STUDY MATERIAL:
..........

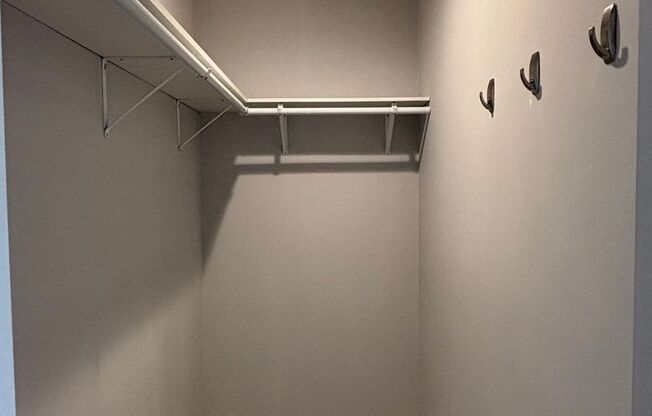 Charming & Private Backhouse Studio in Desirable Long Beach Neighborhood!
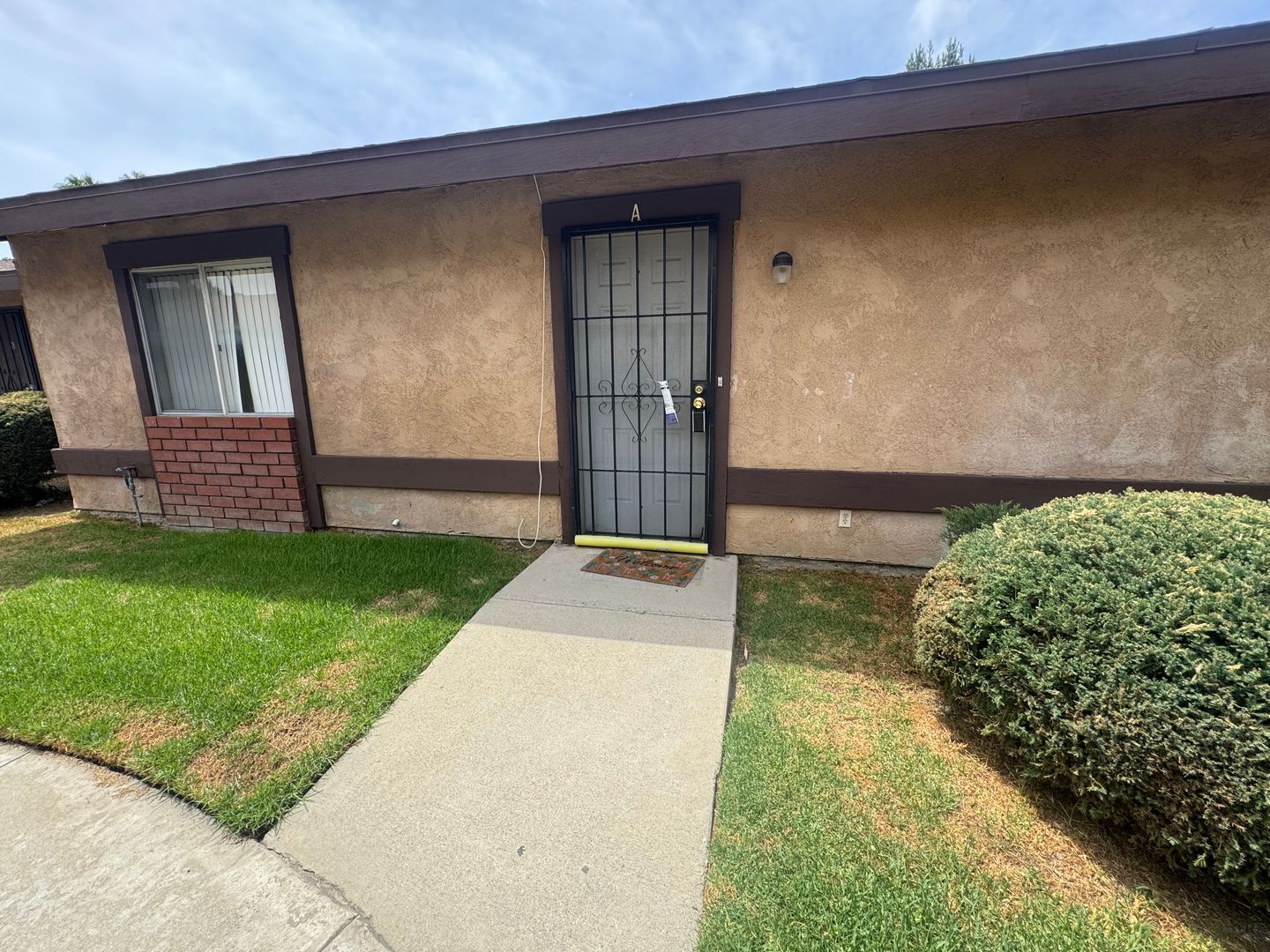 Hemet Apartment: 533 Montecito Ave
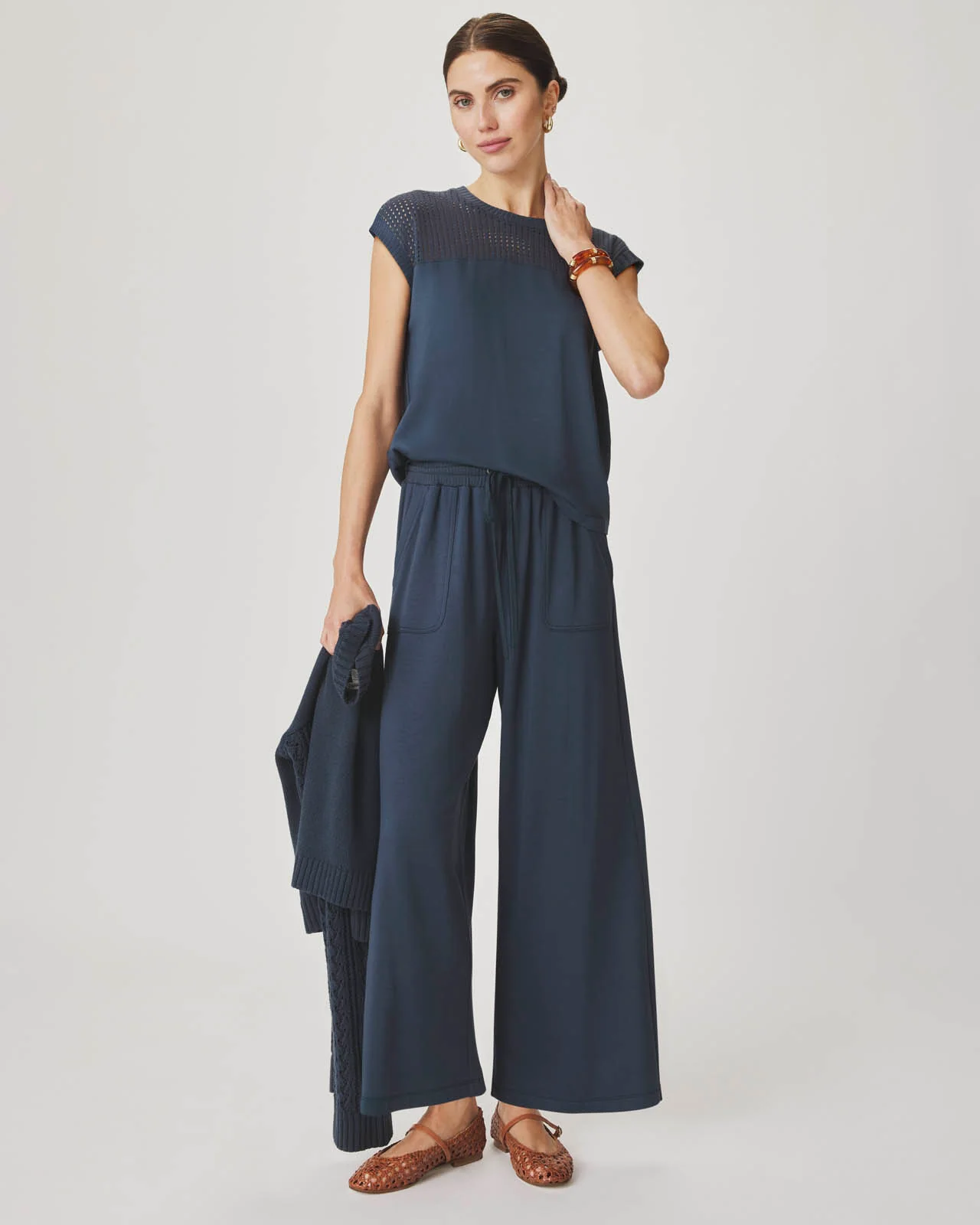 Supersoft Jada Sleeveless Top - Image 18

..........

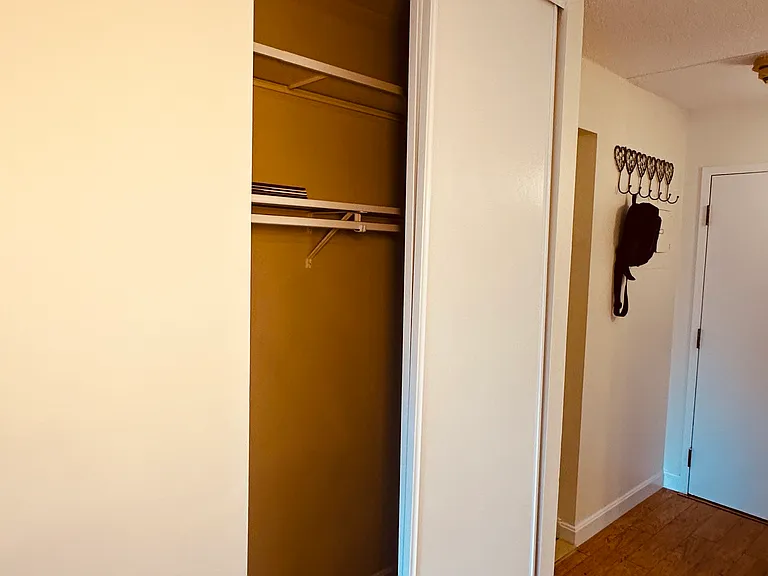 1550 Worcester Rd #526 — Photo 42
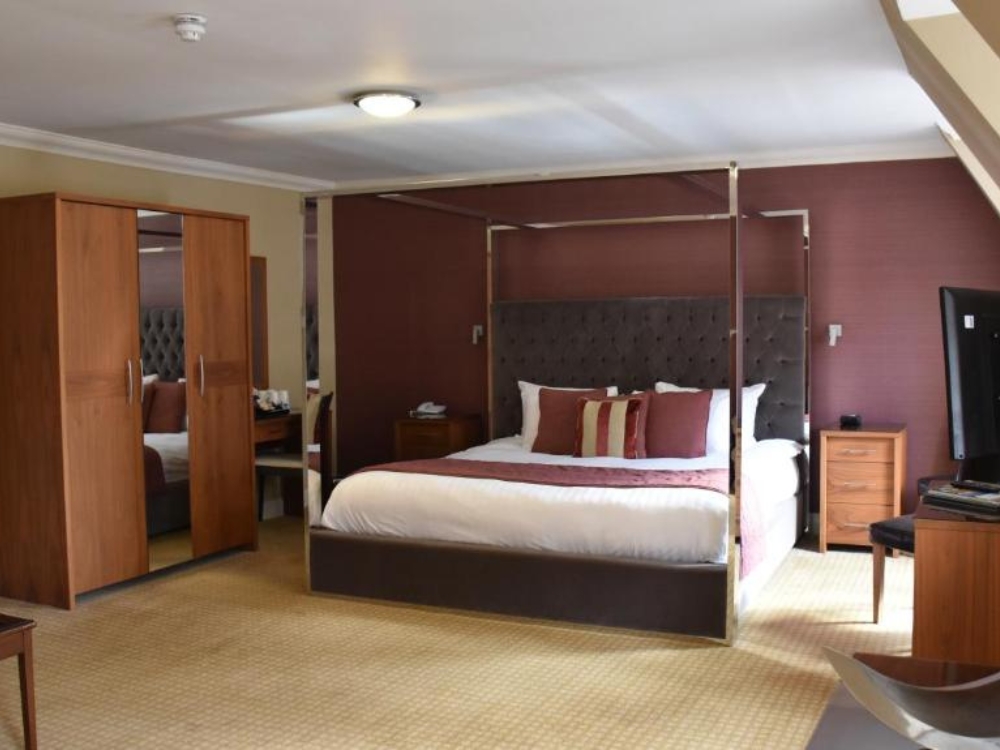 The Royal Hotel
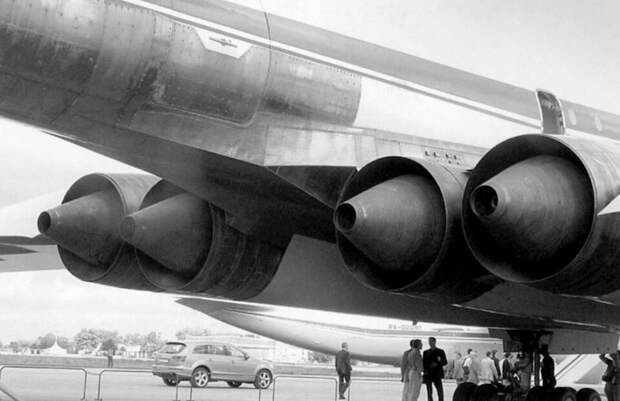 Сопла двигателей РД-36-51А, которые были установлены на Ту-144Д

..........

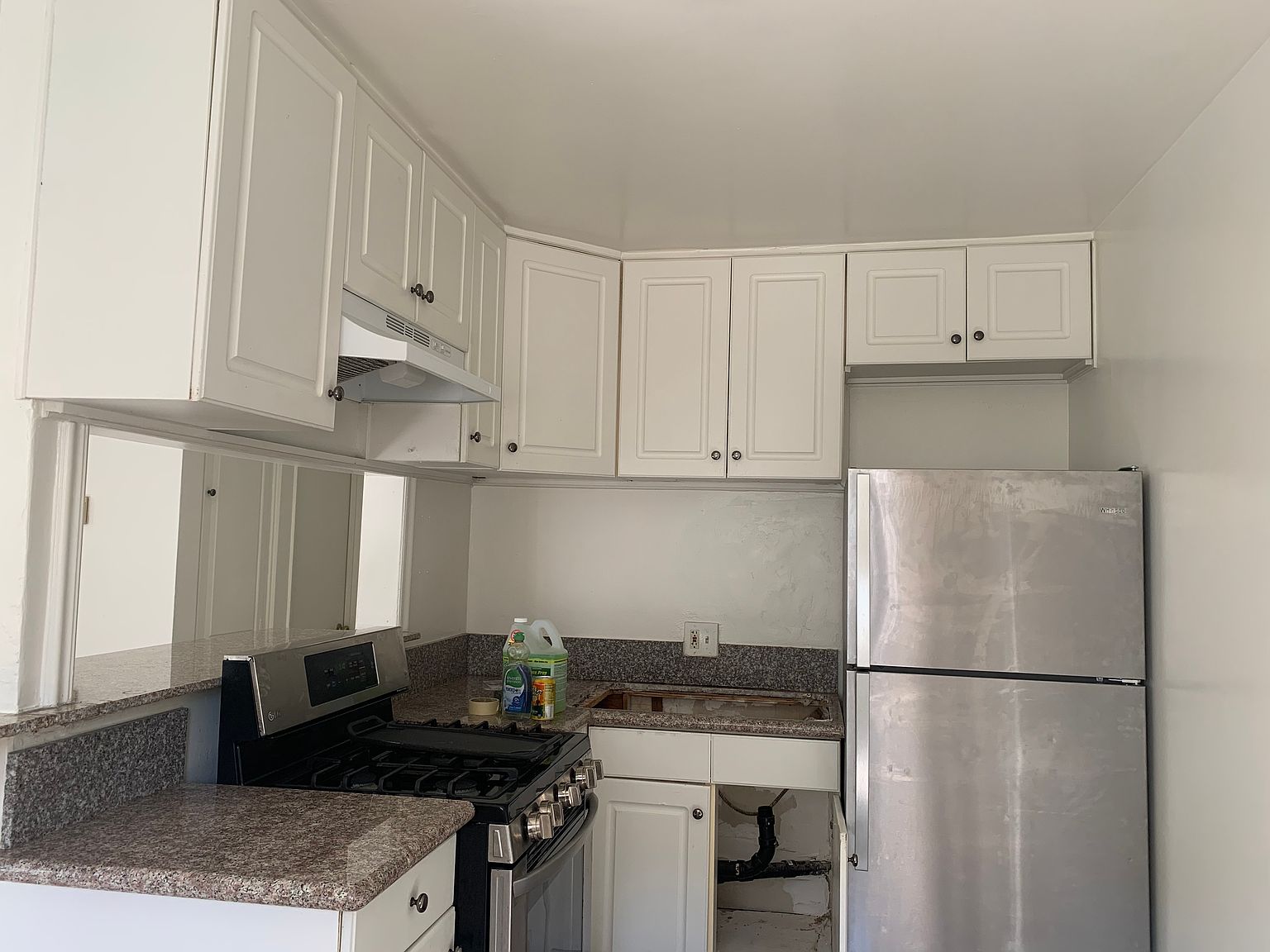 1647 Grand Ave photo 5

..........

From the records above, copy exactly the stretch from the line holding "Hemet Apartment: 533 Montecito Ave" through the line holding "Supersoft Jada Sleeveless Top - Image 18", both ends included, without the pictures.

TASK SOLUTION:
 Hemet Apartment: 533 Montecito Ave
 Supersoft Jada Sleeveless Top - Image 18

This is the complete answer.